The hole is easy in steel-framed building and less easy in concrete buildings. The stair can be anywhere from moderately difficult to amazingly annoying, depending on its geometry and where we have access to provide supports. The most difficult stairs are the ones that are free-standing and curve more than 180 degrees in plan.

The stair above is one of our oddest because the building’s rules did not allow the stair to be fastened to the floor at the bottom. That was a huge problem for our normal design** because we count on the connections at top and bottom to be restrained not just against movement but also against bending moment in both axes perpendicular to the floor and torsionally along the stair stringer.

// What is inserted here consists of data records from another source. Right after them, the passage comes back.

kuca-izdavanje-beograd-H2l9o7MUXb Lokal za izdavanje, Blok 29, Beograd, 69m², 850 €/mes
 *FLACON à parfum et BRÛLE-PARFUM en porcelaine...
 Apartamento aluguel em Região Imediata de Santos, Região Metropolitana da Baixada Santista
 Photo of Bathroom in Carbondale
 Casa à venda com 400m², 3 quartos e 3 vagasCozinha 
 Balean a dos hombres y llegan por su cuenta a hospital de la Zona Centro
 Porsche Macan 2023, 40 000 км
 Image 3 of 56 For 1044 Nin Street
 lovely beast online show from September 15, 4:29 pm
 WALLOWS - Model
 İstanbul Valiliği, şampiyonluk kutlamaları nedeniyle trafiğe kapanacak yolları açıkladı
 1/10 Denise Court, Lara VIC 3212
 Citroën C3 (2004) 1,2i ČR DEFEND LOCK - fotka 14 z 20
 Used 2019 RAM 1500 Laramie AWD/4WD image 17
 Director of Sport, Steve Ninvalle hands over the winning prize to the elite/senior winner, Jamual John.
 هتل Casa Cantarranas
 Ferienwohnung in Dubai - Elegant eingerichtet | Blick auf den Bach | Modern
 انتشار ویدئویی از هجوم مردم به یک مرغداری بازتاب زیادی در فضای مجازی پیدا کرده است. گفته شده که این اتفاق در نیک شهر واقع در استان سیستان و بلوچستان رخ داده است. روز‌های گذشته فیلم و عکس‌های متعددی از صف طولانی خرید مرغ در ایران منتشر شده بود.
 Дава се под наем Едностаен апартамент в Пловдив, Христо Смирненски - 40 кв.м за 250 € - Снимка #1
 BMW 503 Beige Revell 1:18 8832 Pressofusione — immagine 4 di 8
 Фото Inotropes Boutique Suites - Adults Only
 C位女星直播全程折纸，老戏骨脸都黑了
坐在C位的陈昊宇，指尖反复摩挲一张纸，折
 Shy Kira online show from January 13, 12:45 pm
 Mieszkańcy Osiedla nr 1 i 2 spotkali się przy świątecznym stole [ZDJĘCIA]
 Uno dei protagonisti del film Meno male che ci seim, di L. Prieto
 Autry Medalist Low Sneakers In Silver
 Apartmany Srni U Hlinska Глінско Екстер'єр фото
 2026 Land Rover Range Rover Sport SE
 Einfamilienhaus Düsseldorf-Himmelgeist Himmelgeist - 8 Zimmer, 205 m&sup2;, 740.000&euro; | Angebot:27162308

The only good news was that the stair was to have partitions surrounding it rather than being free-standing.

The final design has each tread hung from the floor above By using L-shaped hangers that come down and then turn under the tread, we eliminated the need for an inside-edge stringer, at the cost of having more complicated hanger design. The hangers will eventually be hidden in the surrounding partition and the stair soffit. It’s a strange way to get the desired aesthetic, but it works. Shaquana spent a lot of time modeling that stair to be sure that it is strong enough and stiff enough. The latter issue is sometimes neglected in stair design, but we’ve found that people become very, very unhappy when they feel their stairs bounce.

* Technically, these stairs are helical, not spiral, but the pedant army lost that battle long ago.

** Our preferred design is a stringer designed for bi-axial moment and torsion, or in other words a member that has resistance against bending in every possible direction.